Beatty a big influence
“Timing is everything. Even when it’s time to stop and leave,” Beatty said. “On the platform side, it was either people are going to buy it now or build it themselves.”
A year later Google changed its search algorithm to downplay “content farms,” and sites such as Associated Content saw traffic plummet.
Beatty stayed with Yahoo for a couple of years, moved on to become a managing director at tech-accelerator Techstars — “His time at Techstars helped influence an entire generation of entrepreneurs,” said Newman, who co-founded wireless beacon firm Roximity — and then took over AOL’s media group in 2013.
There, he was the boss of top brands such as TechCrunch, Huffington Post and Engadget. When Beatty announced last November that he would leave AOL, TechCrunch’s editor-inchief Matthew Panzarino called Beatty “a great partner and friend.”
That whole time, he was based in Denver. He traveled every other week. Still, he managed to be a prolific face in the local tech and startup community — if you really wanted to meet him, said Erik Mitisek, who co-chairs the annual Denver Startup Week and is Colorado’s chief innovation officer.
“He’s always giving, always connecting. He’s not only a leader, but he puts Denver and Colorado on the map nationally,” said Mitisek, who described Beatty as an effective leader and “the only CEO to sell a company for $100 million that still had folding chairs and folding tables as standard-issued office equipment.”
Back to Brandfolder
And that brings us back to Brandfolder, an opportunity that Beatty says hadn’t even crossed his mind when he left AOL.

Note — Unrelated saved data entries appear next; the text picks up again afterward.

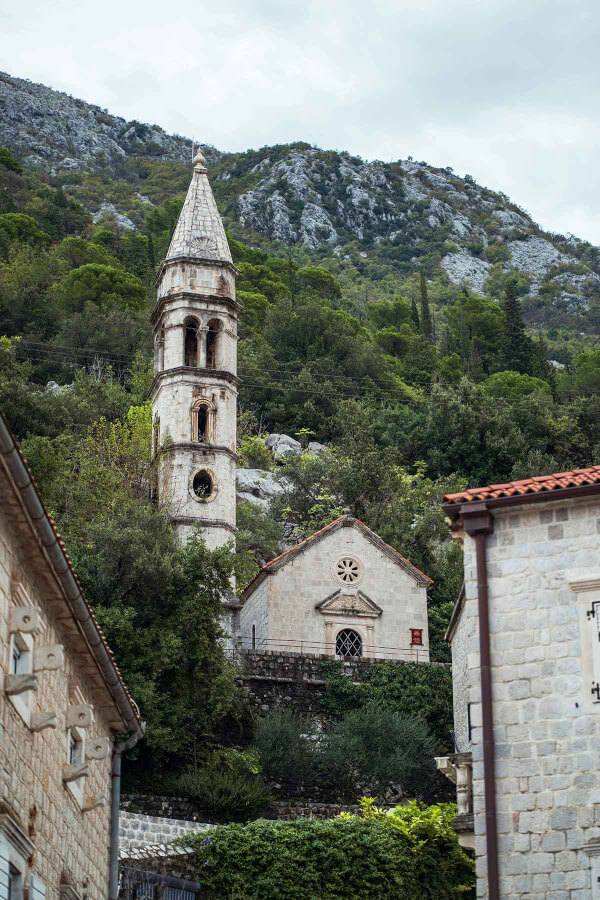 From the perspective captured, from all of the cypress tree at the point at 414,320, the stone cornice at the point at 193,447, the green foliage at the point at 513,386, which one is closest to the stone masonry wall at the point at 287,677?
the stone cornice at the point at 193,447

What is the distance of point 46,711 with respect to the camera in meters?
16.3

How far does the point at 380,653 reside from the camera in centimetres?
4478

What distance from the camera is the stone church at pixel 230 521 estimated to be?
44.8 m

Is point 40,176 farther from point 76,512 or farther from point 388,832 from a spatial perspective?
point 388,832

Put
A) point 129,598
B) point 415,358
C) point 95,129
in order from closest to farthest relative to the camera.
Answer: point 129,598 < point 415,358 < point 95,129

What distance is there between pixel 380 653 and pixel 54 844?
29.0m

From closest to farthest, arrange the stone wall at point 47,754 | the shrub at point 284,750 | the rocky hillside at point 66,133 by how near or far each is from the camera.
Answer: the stone wall at point 47,754, the shrub at point 284,750, the rocky hillside at point 66,133

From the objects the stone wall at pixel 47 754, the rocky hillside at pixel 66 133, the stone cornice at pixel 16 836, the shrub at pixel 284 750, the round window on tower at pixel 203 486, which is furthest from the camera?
the rocky hillside at pixel 66 133

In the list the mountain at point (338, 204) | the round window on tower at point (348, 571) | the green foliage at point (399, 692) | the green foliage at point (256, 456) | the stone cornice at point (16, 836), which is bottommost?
the stone cornice at point (16, 836)

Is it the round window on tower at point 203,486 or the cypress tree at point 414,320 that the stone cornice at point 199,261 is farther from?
the cypress tree at point 414,320

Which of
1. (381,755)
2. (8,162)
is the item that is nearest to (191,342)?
(381,755)

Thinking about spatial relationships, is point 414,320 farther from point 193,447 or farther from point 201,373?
point 193,447

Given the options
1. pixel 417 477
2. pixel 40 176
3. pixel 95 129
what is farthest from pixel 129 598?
pixel 95 129

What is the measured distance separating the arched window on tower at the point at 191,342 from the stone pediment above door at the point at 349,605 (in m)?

When he was at Yahoo, he said he needed a place his company could store, share and track every digital asset created. He wanted a way to limit who could access a file — anything from a new TV commercial or art for a billboard to consistent logos, images and colors. And he wanted to track who touched it or changed it. A simple way to do all this didn’t exist at the time.
Such services, called digital asset managers, are estimated to reach $5.6 billion in revenues by 2025, according to a report by Grand View Research. Adobe is one of the largest players.
“Brands are worth between 20 and 80 percent of a company. That’s a lot,” Beatty said. “It’s my belief that everyone needs a Brandfolder and they should care about their brand. Even when you lock the door and shut down the business, it’s the one thing you have left.”
Brandfolder, which has raised about $3 million from investors, employs 20 people at its headquarters on the Taxi campus in the River North Art District. The company, Beatty said, has “just under 1,000 paying customers — half of which are household names.”
Parks built the technology. Baker, who moved over to the role of president, increased the number and size of customers. Now it’s Beatty’s turn to help companies manage their identities in a web clogged with content.
“From my perspective, it’s a cool full-circle story,” said Parks, who now runs a seed-investment company, BigFoot Capital. “In a sense, when you think of Brandfolder five years ago, the guy now running it was the guy who scribbled it on the back of a napkin.”
Brandfolder’s Luke Beatty says, “I don’t want to work at a huge company right now.”